Amadou Cissé

Personal information
- Date of birth: 23 October 1985 (age 40)
- Place of birth: Conakry, Guinea
- Height: 1.90 m (6 ft 3 in)
- Position: Midfielder

Youth career
- 2000–2002: GSI Pontivy

Senior career*
- Years: Team / Apps / (Gls)
- 2002–2006: Pontivy / 85 / (15)
- 2006–2008: Aubervillers
- 2008–2009: Slavia Prague / 2 / (0)
- 2010–2011: Bohemians 1905 / 17 / (0)
- 2011: → 1. FC Slovácko (loan) / 1 / (0)
- 2011–2015: Aubervilliers / 80 / (0)

International career
- 2010: Guinea / 2 / (0)

= Amadou Cissé (footballer, born 1985) =

Guinean footballer

Amadou Cissé (born 23 October 1985) is a Guinean former professional footballer who played as a midfielder. He made two appearances for the Guinea national team in 2010.

== Career ==
Born in Conakry, Cissé began his career with GSI Pontivy and in 2002 was promoted to the first team who played in the Championnat de France Amateurs. In 2006, he moved to league rivals Aubervilliers, where he remained for two seasons.

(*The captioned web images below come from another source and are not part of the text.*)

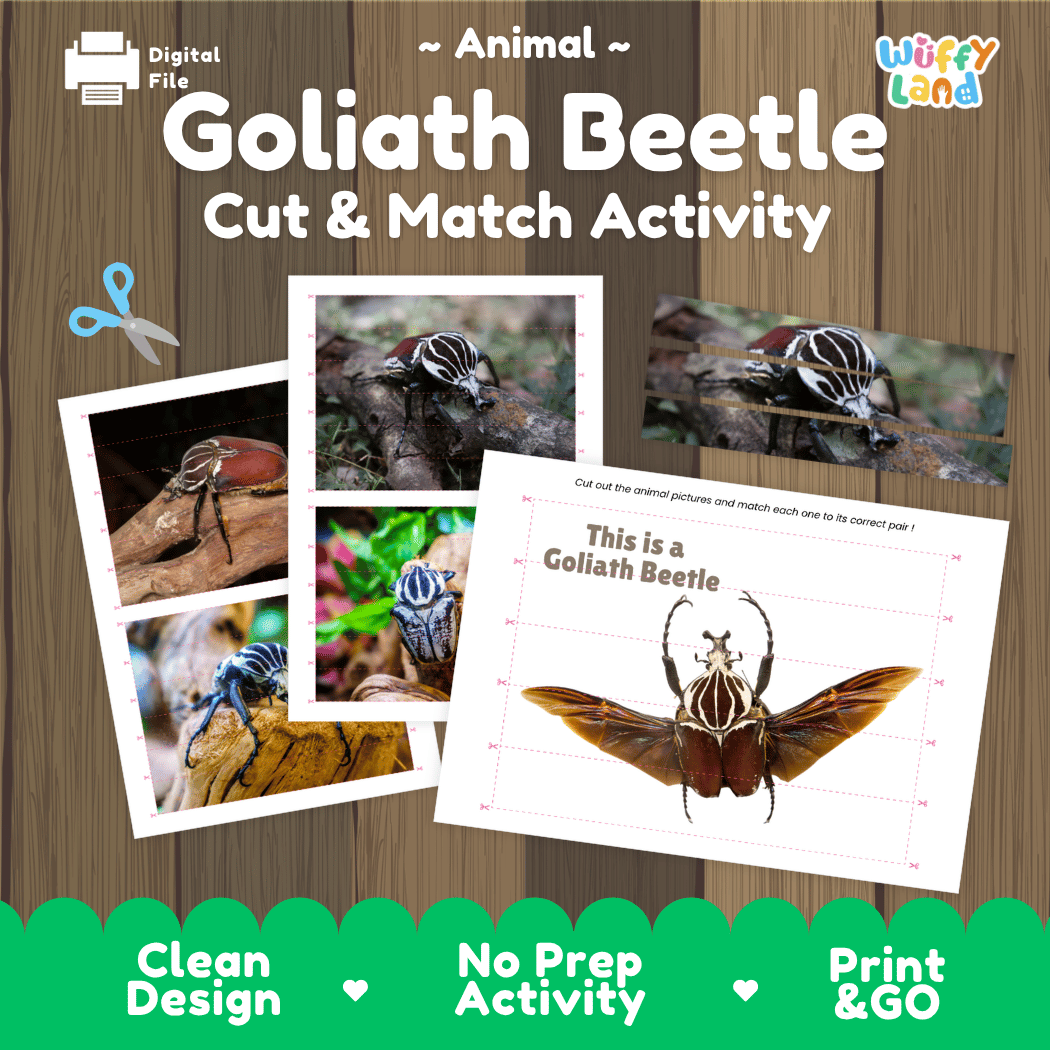 Goliath Beetle Cut and Match Activity Printables Worksheets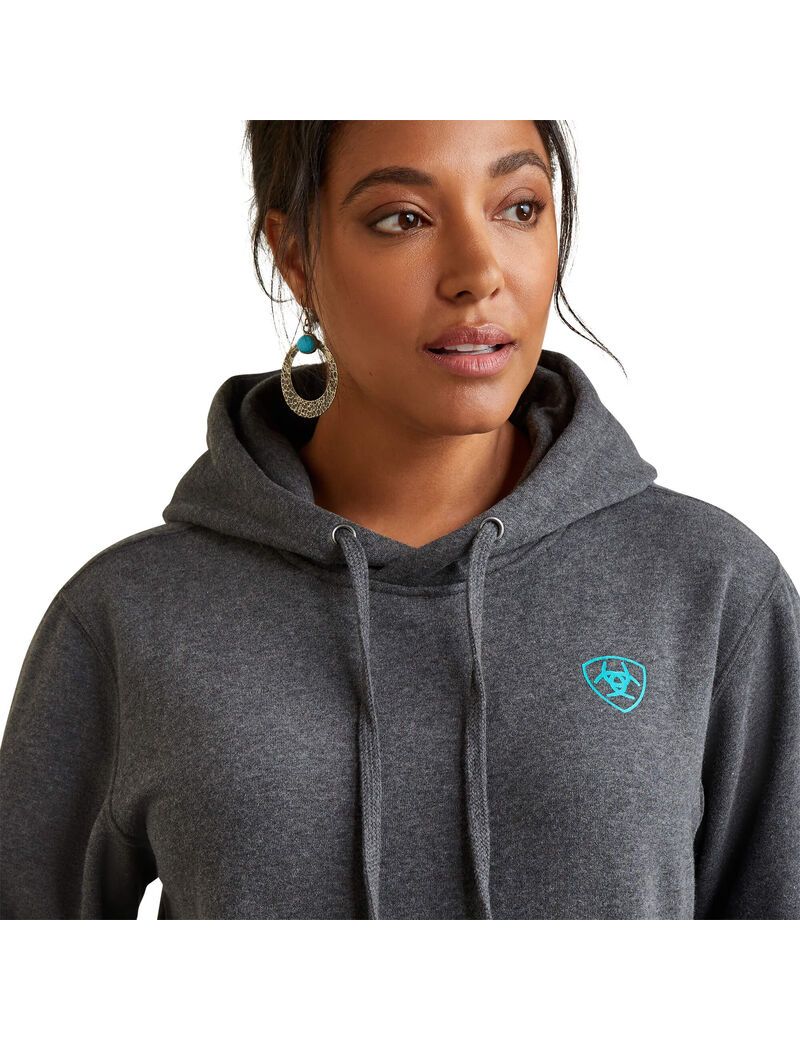 Sweat À Capuche Ariat Logo Grise | 943085AKS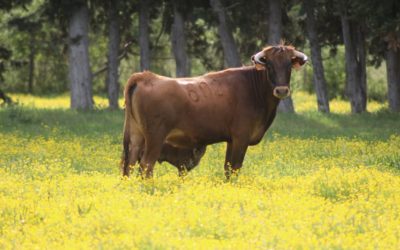Vivre son rêve “ganadero” avec La Paluna…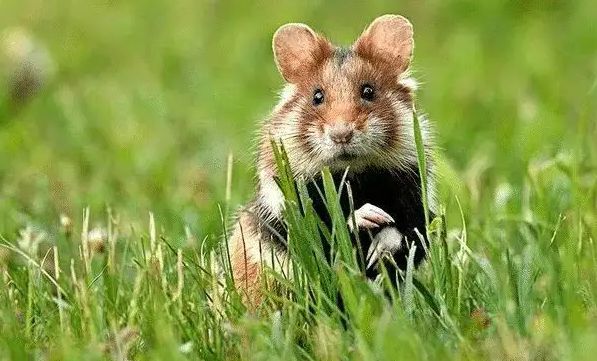 2023年属鼠人身体健康如何 健康运查询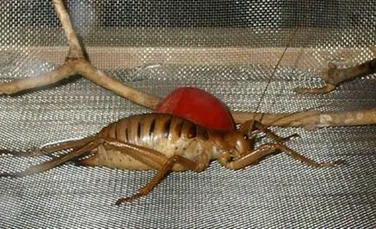 Uriasa Weta – cea mai grea insecta de pe pamant (FOTO)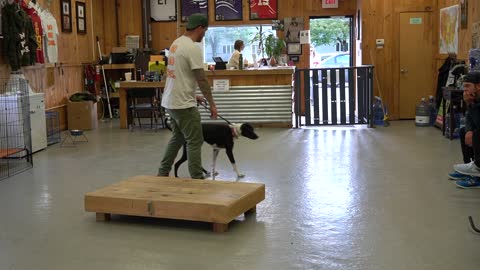 How to Train ANY DOG the basics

Cissé joined Czech Republic side Slavia Prague in July 2008. He played his first game in the UEFA Cup against Ajax on 17 December 2008 and his first League game in the Gambrinus liga came on 23 February 2009 against Viktoria Plzeň. Following spells with Bohemians 1905 and 1. FC Slovácko, Cissé returned to Aubervilliers in the summer of 2011 and spent a further four seasons with the club.

In 2010, while playing for Bohemians, Cissé won two caps for the Guinea national team, playing in friendly matches against Mali and Ethiopia.